Data items:
= = =

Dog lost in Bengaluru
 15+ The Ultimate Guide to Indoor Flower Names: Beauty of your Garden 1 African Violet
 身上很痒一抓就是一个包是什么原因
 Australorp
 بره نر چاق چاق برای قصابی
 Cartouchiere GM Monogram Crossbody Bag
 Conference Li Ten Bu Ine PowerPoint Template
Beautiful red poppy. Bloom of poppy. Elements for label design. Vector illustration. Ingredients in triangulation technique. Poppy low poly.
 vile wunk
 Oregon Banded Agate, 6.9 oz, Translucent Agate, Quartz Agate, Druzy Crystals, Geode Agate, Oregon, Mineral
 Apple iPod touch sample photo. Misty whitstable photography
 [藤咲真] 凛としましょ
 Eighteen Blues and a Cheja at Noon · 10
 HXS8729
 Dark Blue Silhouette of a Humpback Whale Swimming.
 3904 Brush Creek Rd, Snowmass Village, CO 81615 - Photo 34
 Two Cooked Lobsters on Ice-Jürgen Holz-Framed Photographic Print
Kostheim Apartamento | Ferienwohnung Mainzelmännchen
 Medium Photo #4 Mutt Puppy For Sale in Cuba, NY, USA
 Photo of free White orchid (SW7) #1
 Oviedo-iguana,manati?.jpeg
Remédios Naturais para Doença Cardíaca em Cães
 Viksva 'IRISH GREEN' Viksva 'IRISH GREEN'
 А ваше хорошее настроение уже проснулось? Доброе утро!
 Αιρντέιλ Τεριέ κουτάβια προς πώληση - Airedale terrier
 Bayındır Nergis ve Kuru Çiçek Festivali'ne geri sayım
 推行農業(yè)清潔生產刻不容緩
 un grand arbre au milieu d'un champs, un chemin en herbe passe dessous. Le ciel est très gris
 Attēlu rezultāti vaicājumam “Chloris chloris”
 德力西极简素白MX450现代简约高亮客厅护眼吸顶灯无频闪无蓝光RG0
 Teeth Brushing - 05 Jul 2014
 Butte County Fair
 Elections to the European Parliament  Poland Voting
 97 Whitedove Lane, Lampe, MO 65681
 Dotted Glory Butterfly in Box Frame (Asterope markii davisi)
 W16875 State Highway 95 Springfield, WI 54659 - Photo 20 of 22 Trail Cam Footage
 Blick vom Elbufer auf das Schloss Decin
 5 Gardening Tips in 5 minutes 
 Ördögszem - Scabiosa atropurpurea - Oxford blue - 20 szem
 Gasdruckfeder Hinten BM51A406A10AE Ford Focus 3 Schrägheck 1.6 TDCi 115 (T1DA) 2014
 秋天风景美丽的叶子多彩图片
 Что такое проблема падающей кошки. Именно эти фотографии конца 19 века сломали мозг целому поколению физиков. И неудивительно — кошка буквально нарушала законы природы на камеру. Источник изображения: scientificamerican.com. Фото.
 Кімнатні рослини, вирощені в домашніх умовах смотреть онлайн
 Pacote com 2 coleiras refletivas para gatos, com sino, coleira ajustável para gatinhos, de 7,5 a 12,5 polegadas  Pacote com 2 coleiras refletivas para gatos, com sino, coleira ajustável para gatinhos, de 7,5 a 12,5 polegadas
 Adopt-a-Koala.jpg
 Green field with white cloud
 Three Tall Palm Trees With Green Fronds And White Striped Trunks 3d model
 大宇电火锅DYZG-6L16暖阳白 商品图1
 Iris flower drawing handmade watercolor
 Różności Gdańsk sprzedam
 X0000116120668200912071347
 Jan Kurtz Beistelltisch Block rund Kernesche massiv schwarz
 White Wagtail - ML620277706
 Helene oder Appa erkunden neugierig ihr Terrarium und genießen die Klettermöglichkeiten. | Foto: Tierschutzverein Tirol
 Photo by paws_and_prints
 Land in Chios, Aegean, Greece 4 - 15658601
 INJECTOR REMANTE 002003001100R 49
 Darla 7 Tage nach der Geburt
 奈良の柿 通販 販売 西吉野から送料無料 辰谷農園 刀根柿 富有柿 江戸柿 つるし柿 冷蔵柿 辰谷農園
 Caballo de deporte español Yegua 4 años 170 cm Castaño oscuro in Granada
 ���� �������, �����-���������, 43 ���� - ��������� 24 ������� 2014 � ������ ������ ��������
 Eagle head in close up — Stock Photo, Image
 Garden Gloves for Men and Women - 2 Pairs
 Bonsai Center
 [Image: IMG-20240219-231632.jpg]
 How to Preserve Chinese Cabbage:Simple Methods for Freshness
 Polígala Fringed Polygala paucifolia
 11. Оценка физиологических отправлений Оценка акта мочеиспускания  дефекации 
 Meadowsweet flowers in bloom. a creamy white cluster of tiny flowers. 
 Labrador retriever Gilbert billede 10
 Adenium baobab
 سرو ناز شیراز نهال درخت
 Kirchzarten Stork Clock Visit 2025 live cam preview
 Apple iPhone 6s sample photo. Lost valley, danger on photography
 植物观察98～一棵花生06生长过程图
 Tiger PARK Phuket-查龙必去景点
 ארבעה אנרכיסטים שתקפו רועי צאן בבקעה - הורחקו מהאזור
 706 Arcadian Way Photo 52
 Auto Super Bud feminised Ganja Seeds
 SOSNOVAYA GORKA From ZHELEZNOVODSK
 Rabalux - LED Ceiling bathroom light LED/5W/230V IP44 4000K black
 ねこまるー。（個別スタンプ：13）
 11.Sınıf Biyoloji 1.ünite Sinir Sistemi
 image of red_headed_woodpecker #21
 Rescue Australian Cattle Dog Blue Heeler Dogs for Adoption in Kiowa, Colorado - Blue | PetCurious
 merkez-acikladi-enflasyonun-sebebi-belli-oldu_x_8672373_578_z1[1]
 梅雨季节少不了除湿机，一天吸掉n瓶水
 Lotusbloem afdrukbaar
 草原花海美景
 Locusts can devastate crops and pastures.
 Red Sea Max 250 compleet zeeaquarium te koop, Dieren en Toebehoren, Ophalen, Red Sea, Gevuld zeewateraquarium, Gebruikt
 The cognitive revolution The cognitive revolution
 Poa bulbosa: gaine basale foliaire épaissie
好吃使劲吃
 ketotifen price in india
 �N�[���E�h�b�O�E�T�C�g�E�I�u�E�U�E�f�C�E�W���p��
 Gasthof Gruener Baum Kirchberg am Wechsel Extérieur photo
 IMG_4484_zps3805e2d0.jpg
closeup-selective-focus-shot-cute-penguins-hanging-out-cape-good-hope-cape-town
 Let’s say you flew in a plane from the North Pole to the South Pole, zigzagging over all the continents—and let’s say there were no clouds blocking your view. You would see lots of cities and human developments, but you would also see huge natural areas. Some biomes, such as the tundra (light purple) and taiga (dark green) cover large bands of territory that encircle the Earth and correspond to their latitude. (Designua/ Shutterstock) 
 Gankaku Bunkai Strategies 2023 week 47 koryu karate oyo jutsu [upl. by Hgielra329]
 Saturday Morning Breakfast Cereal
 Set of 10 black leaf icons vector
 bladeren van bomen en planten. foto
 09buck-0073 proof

= = =

Aim of the exercise: Reproduce every line above containing "sample".

Output for this exercise:
 Apple iPod touch sample photo. Misty whitstable photography
 Apple iPhone 6s sample photo. Lost valley, danger on photography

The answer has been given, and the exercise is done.